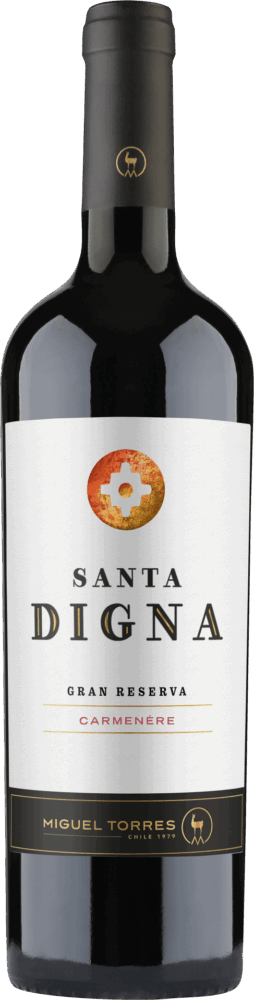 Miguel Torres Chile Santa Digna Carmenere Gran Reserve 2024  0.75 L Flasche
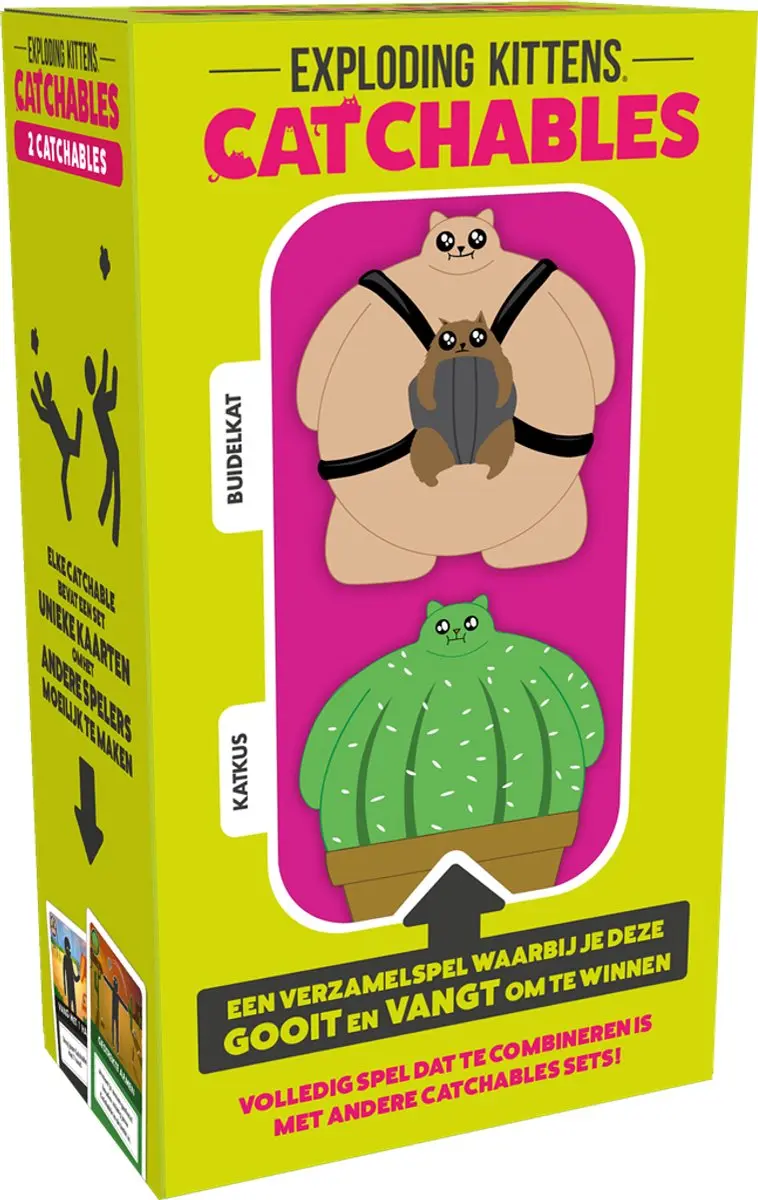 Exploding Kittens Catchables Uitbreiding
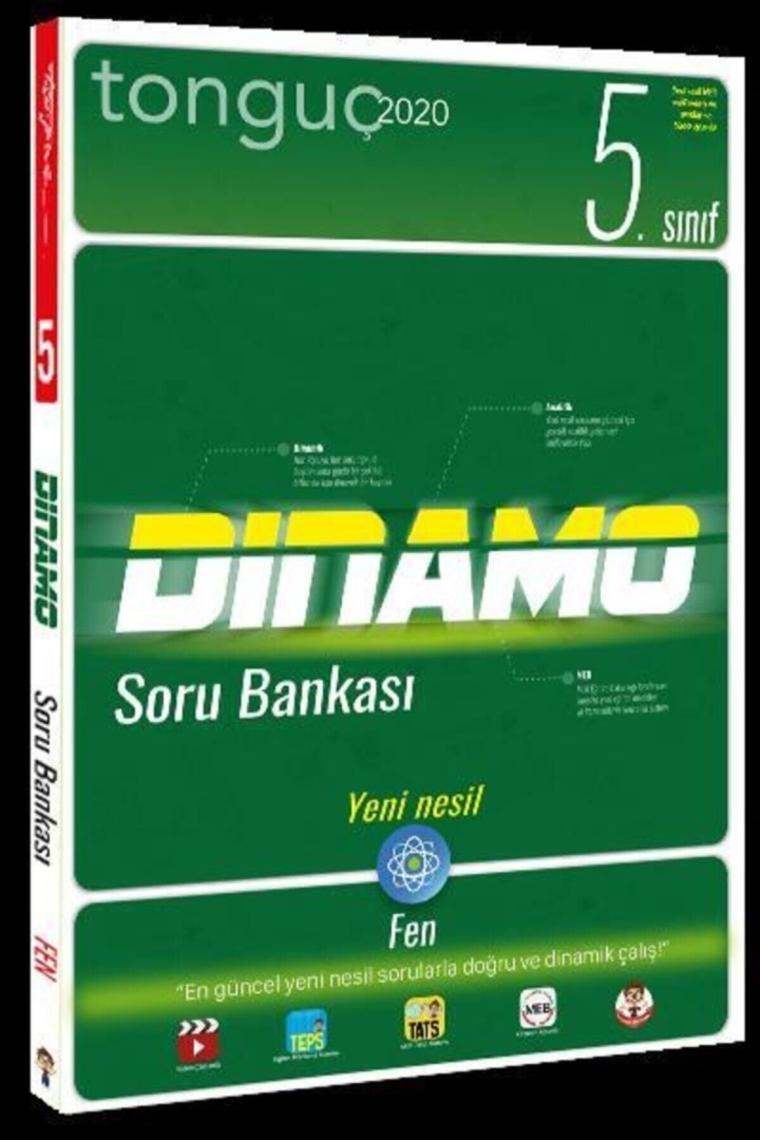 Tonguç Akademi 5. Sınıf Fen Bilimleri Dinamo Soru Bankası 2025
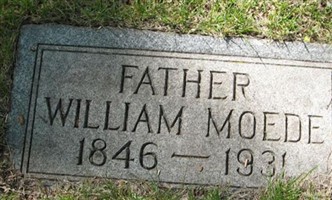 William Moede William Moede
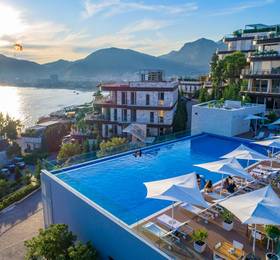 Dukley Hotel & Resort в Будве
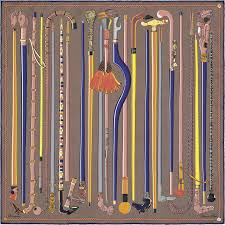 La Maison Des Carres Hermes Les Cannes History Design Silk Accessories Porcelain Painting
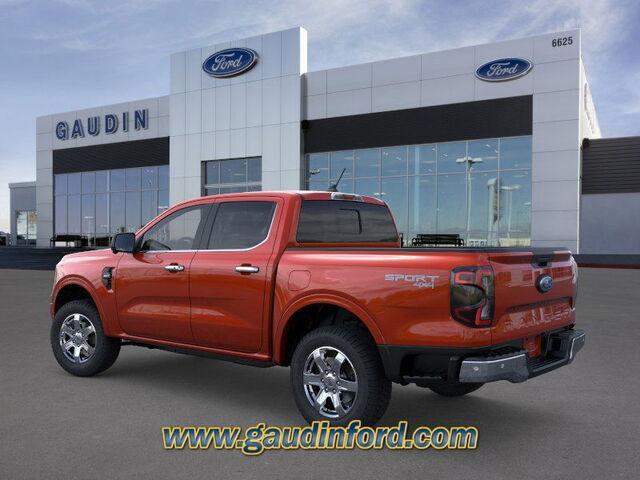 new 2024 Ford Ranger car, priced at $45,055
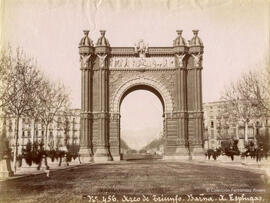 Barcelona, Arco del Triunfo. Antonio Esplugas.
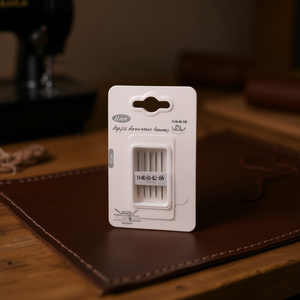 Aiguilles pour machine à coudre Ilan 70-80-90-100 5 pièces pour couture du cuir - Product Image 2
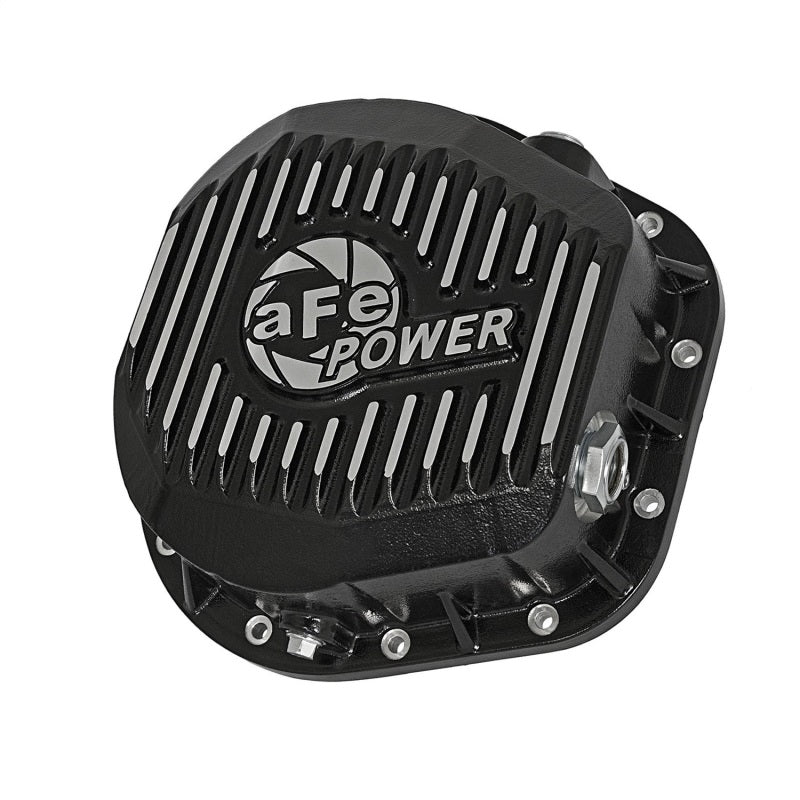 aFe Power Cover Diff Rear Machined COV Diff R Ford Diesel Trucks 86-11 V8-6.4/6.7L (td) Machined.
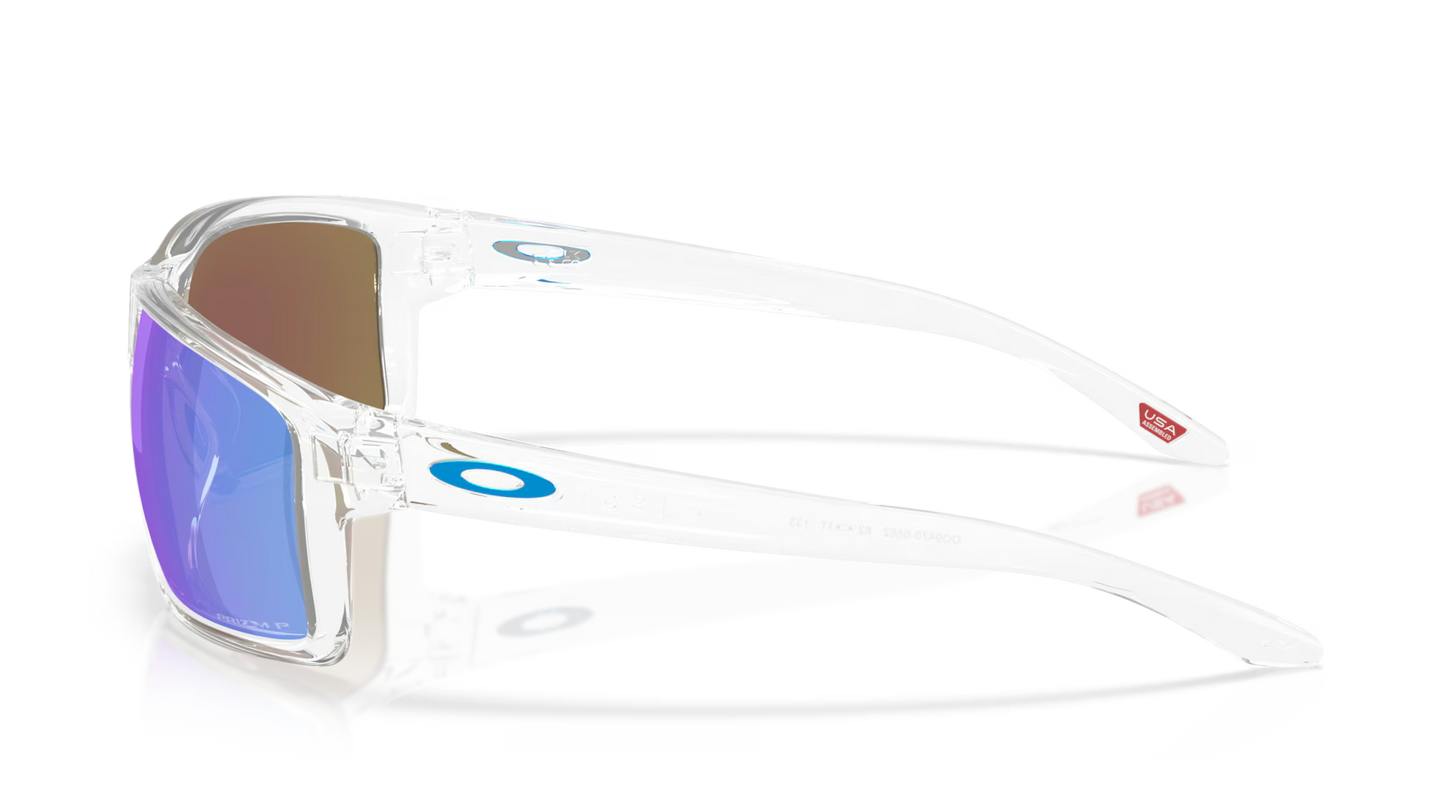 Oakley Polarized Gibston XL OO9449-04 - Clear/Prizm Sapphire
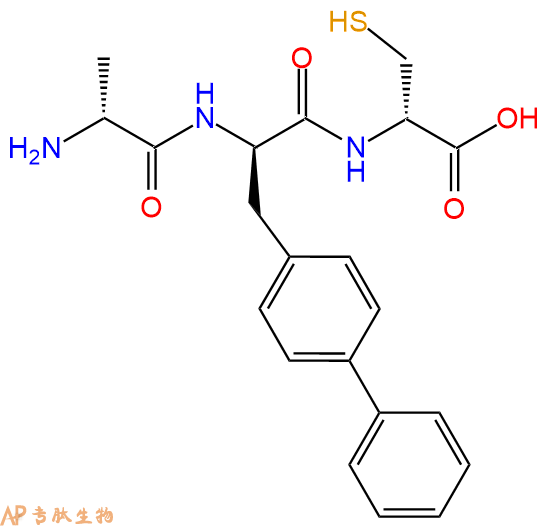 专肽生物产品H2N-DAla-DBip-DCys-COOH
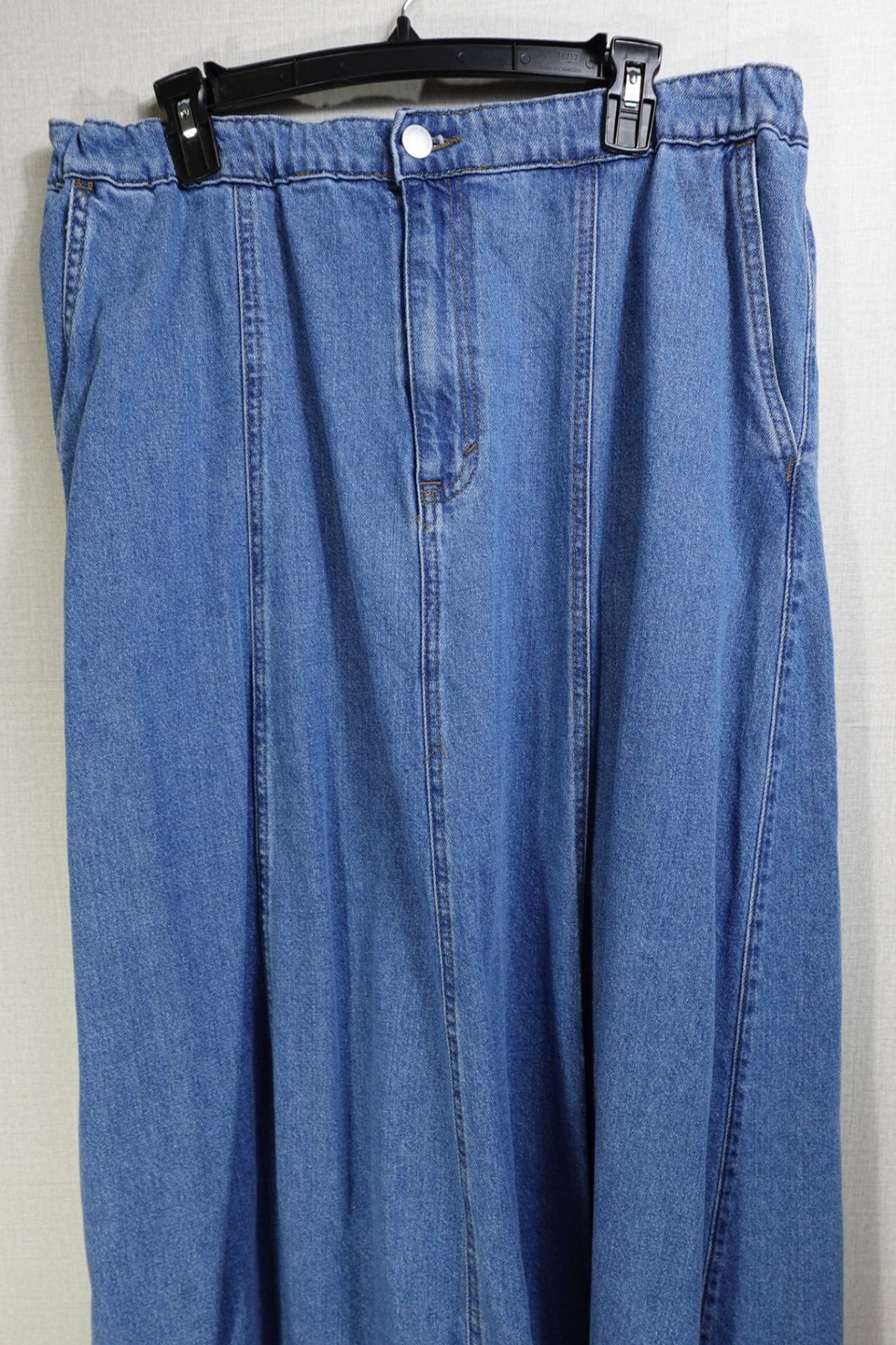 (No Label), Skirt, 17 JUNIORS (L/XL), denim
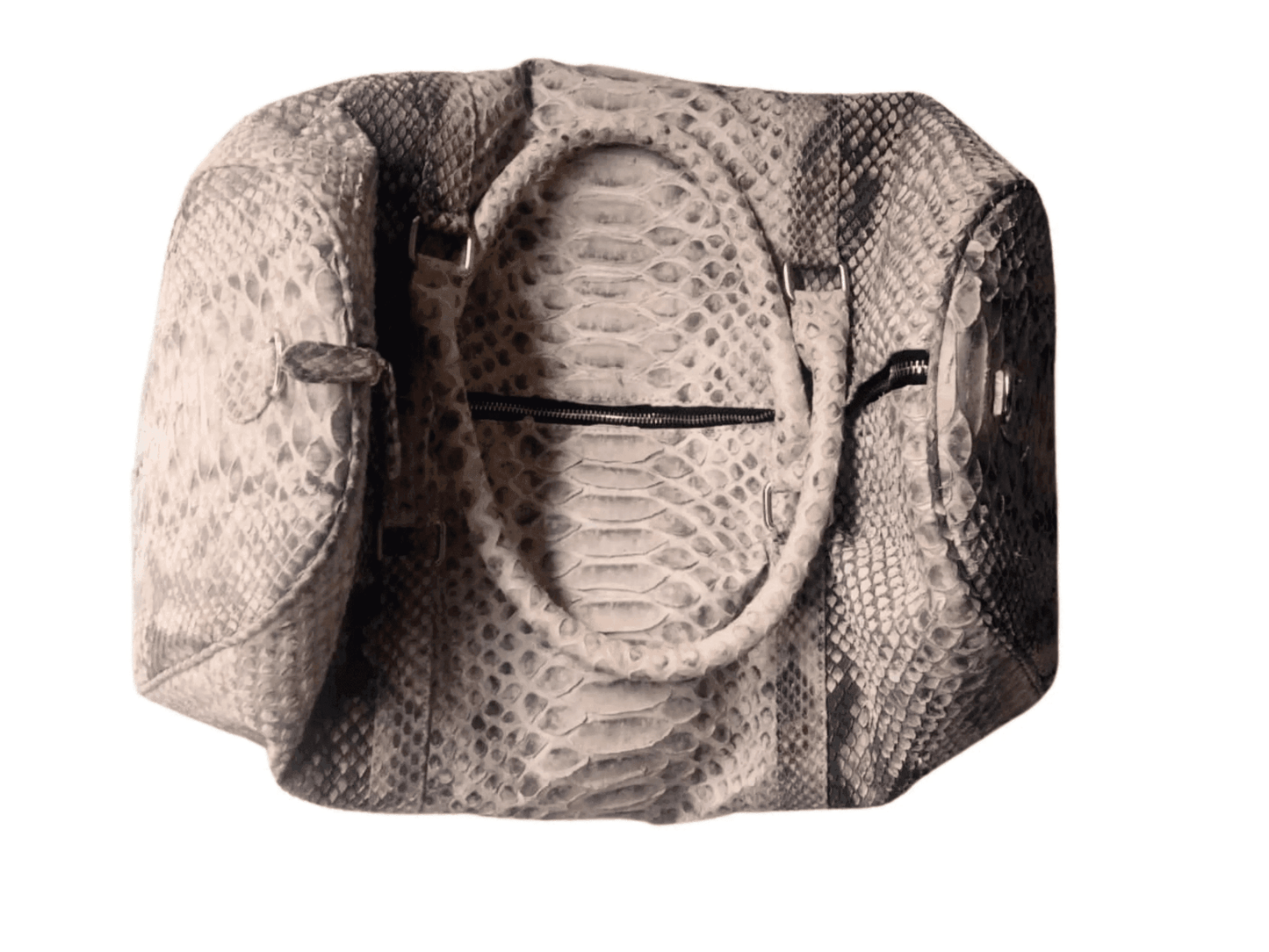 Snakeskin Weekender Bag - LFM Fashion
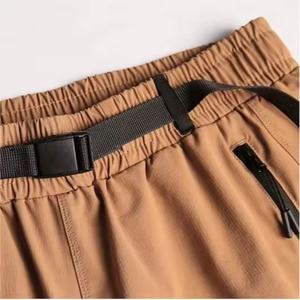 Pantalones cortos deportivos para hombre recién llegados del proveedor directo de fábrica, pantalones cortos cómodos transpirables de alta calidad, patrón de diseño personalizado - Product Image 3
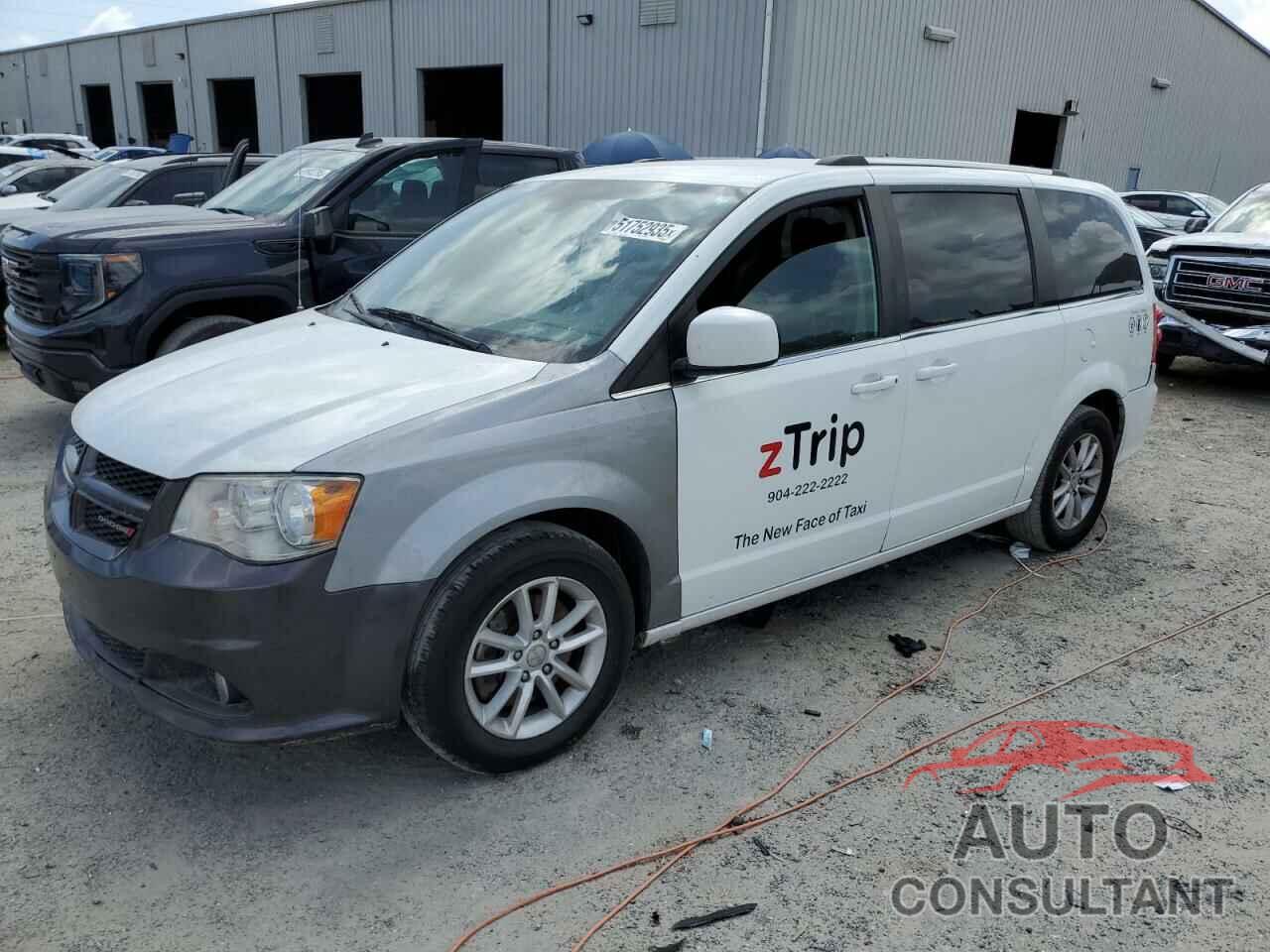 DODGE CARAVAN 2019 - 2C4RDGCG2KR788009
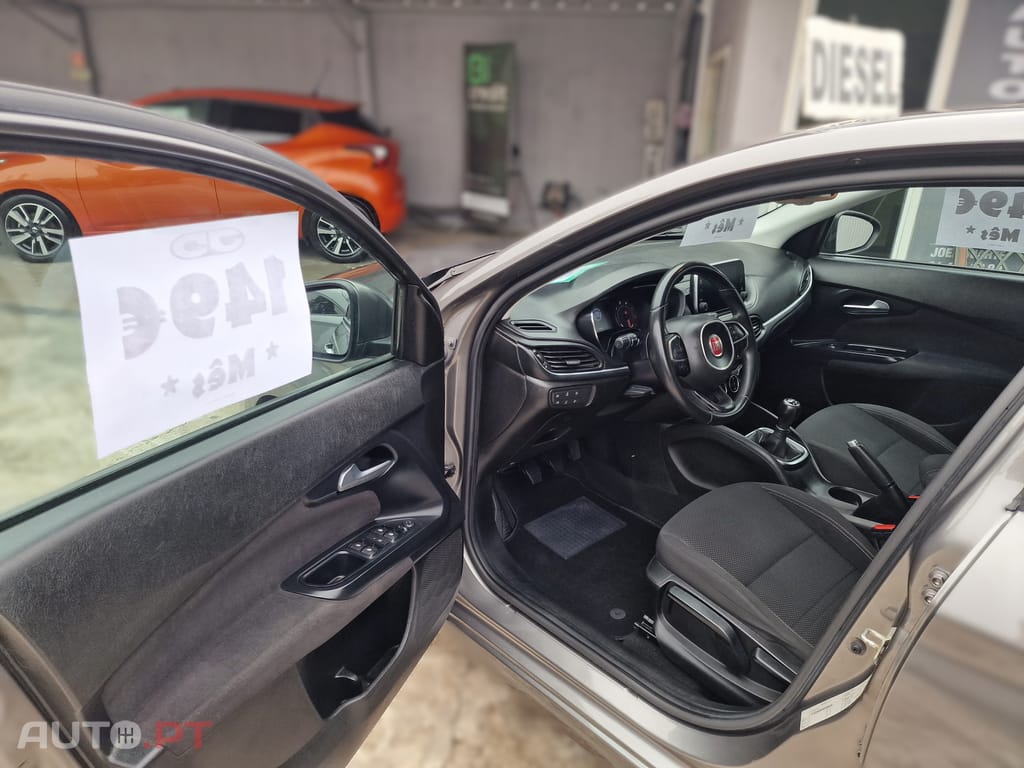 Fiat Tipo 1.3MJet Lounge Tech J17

> **TRY IT**: Transcribe exactly the lines above, beginning at the one with "Dukley Hotel & Resort в Будве" and going up to and including the one with "Barcelona, Arco del". Pictures do not belong in the copy.

> **ANSWER TO THIS EXERCISE**:
 Dukley Hotel & Resort в Будве
 La Maison Des Carres Hermes Les Cannes History Design Silk Accessories Porcelain Painting
 new 2024 Ford Ranger car, priced at $45,055
 Barcelona, Arco del Triunfo. Antonio Esplugas.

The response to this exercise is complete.